2. Automation – Application Director, Puppet, vCAC & vSphere / vCloud Director integration.  I love these tools and have not had the opportunity to see them working together.  I know the VMware vCHS utilizes Puppet with vSphere & vCloud Director, possibly AppD, but I believe AppD will play a larger part of the datacenter once it makes it down to the vSphere level.  I hope to get into Nan Liu & Nick Weaver’s session PHC5640 - The Story Behind Designing and Building a Distributed Automation Framework for vCloud Hybrid Services to learn more about what they are using and how. Why it’s taken this long for VMware to offer such a solution has always been a question of mine.  End 2 End provisioning was something I felt was lacking in the product and could have eased or even sped up adoption.  The tools are now available, and it would be great to see a “bare metal to the cloud” deployment option.  One that simply requires the end user to enter a few bits of information, generate some xml that is fed into the deployment engine and away you go!
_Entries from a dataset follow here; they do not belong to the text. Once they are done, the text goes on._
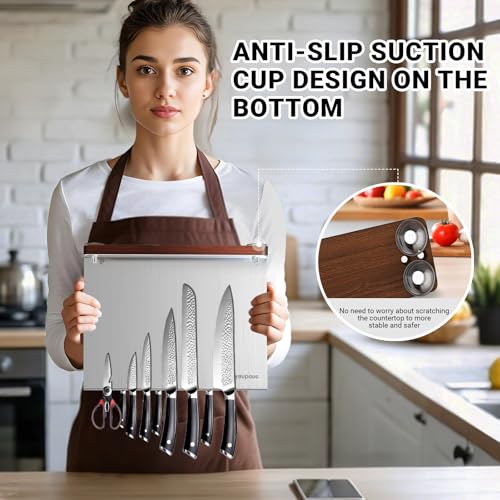 Nanbone Magnetic Knife Block Stand Without Knives Double Sided Magnetic Knife Holder Rack for Kitchen Counter Stainless Steel Knife Magnetic Strip Display Stand Storage Organizer with Wood Base - Image 4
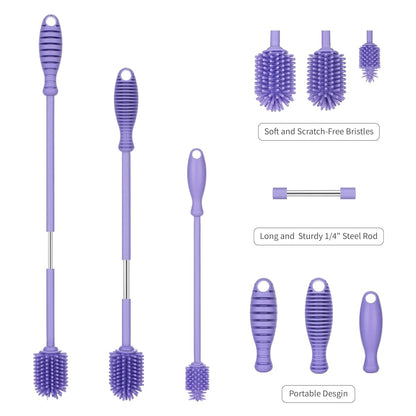 A-Brush Silicone Bottle Cleaner Brush, 3 Piece Set, Long Handle - Water Bottle Cleaner, Baby Bottle Nipple Brush for (photo 3)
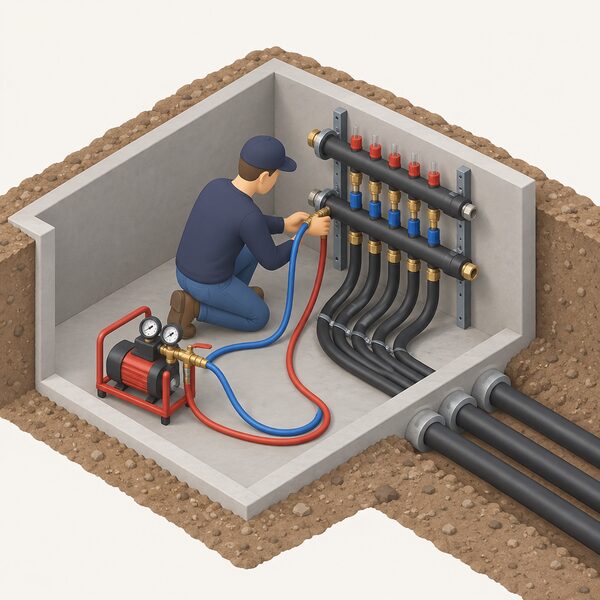 A technician in plain clothing kneels beside an exposed manifold chamber with header pipes of a shared ground array, connecting a flushing and pressure-testing pump with gauges and hoses to the loop pipework before any heat pumps are commissioned.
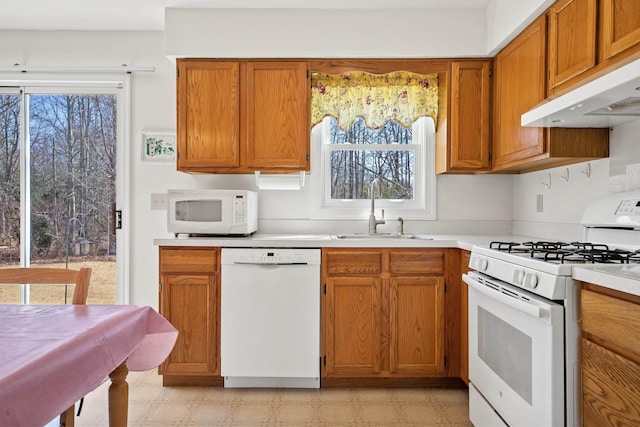 kitchen with white appliances, sink, and extractor fan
3. Security.  This is an area I have rarely focused on in my career.  At least not beyond typical sysadmin best practices and recommendations. I’ve supported R&D my entire 18 years in the industry.  Security just got in the way.  But with all the attention it’s getting these days per current events, past events that are now current events etc… And the outages that always seem to come right when Public or Hybrid clouds are about to take off.  It’s said to be the last barrier for cloud adoption.  Wouldn’t it be fun to be on a team that cracks that code.  They will usher in the next wave of datacenter consumption. This is an area I want to explore and adopt a more security focused view as an Architect.

For those in San Francisco, enjoy the show!